According to FCC documents, Chicago-based Lakeshore Media is selling Willcox country station KWCX, FM 104.9, to Clear Channel. The sale is contingent on getting approval to reallocate the signal from Willcox to the Tucson area, possibly to Davis-Monthan Air Force Base.
Although plenty of signals populate the Willcox radio dial, only two of them originate in the town itself. (The other is Lakeshore's little five-kilowatt KHIL, 1250 AM.) The FCC will probably want to be assured that KWCX, or whatever its call letters become, will somehow continue to serve Willcox despite the move. Another hitch seems to be that an outside party is lobbying to get the signal reallocated to Sells.
The process has been grinding on for more than a year. FCC records show approval for Lakeshore to sell the station to Clear Channel in March 2003 for $2.5 million.
Lakeshore had purchased the station for $1.1 million in October 2001. So this means a nice, quick profit--once the deal goes through.
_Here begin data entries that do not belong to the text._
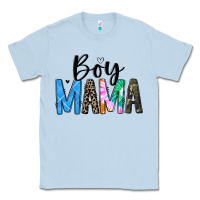 Dusty Blue boy mama white Classic Tee - JahusDesignShop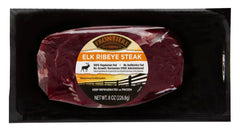 All Natural Elk Ribeye Steak, 8 oz - frontierenaturalmeats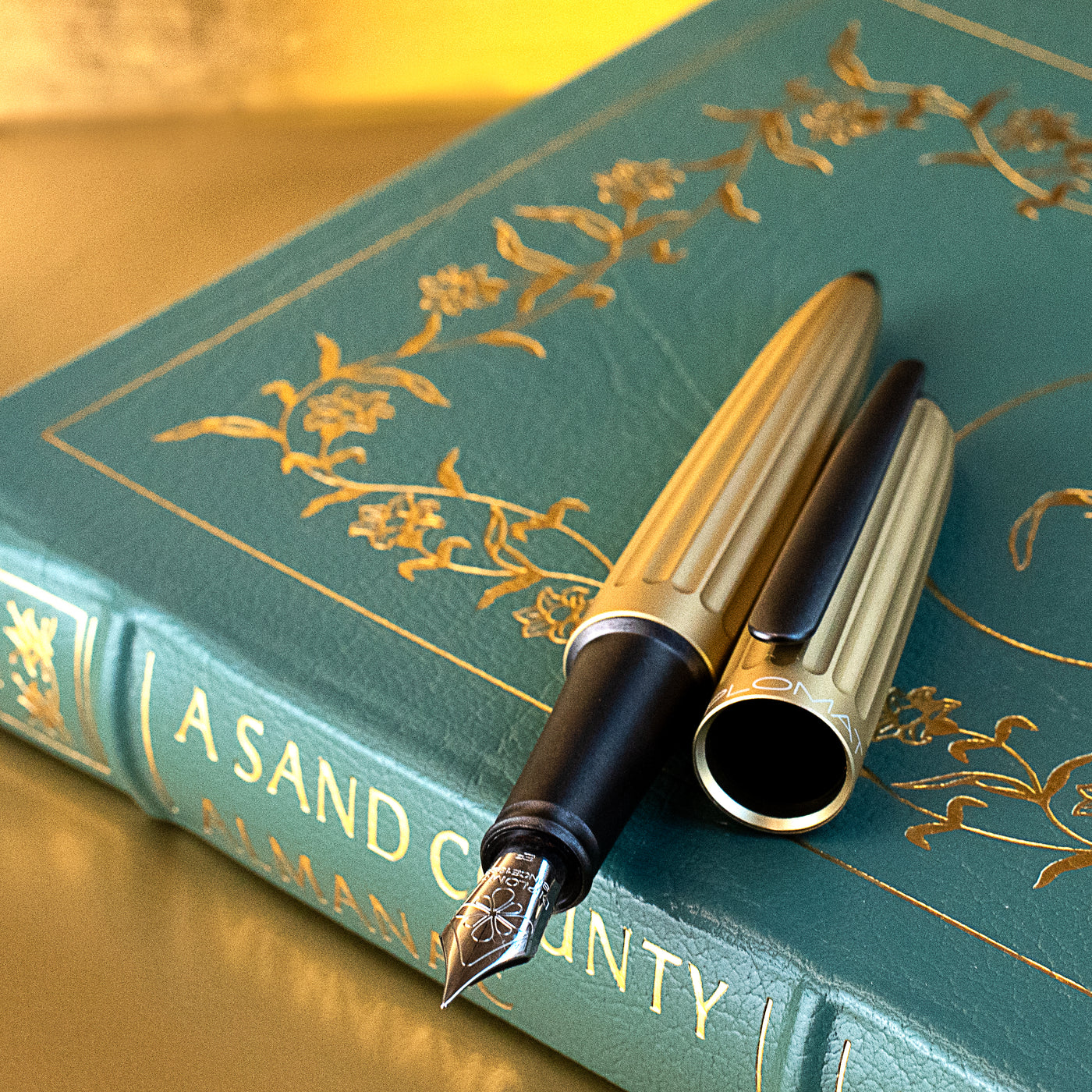 Diplomat Aero Champagne Fountain Pen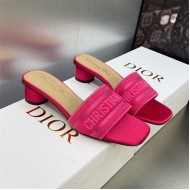 Dior Dway Slide Square Toe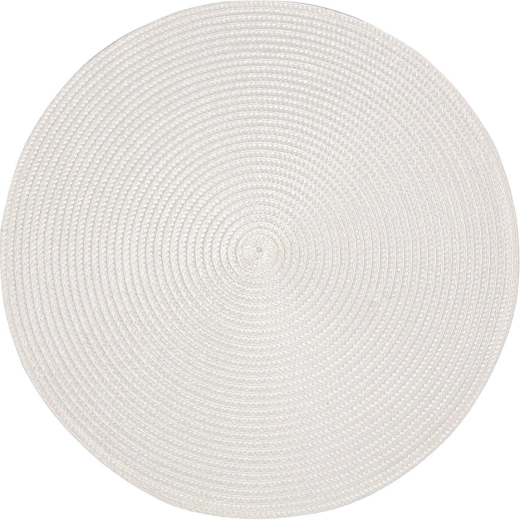 Witte ronde PP-‘stro’ placemat 38 cm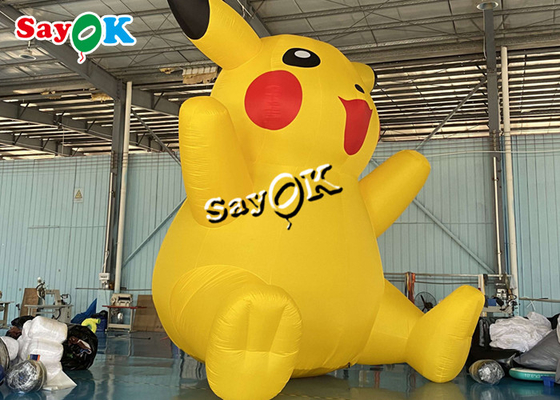 Yellow Pvc Airtight Inflatable Pikachu Modelo 6m 20ft Personagens de desenho animado para festas de aniversário
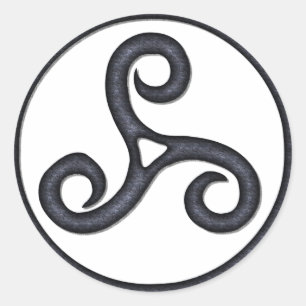 Pegatina Redonda Triskel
Even nicer for Clear Channel: Once the station comes to Tucson, it could be worth $9 to $10 million.
According to Bruce Buzil, one of Lakeshore's owners, his organization is a "developmental company."
Says Buzil, "That means we find stations that can be upgraded and then sold," sort of the radio equivalent of fixer-uppers in the real estate market. Lakeshore owns only about five stations right now; the technique, apparently, is to flip them before getting bogged down in day-to-day management and long-term problems.
Dan Curtis, general manager of KWCX, doesn't much care for Lakeshore's management style and says he's been kept in the dark about the company's plans. Expect him to be grabbing his hat and heading out the door permanently any day now.
Even Clear Channel's Wagner wasn't quite sure exactly what was going on when I first asked her about this several weeks ago. But if the deal goes through, the station will become her responsibility.
Even more signals may be insinuating themselves into town, although the stations won't be licensed to Tucson. There are rumors of efforts to move an FM station from Nogales to Vail, and another from Sierra Vista to Corona de Tucson. It's a way to penetrate a substantial market while technically serving smaller communities. (Years ago, channel 11 was licensed primarily in Nogales, even though its studio and main transmitter were in midtown Tucson.)
The most interesting question is what these stations will broadcast. But that's an issue of no concern to the FCC--as long as it isn't obscene.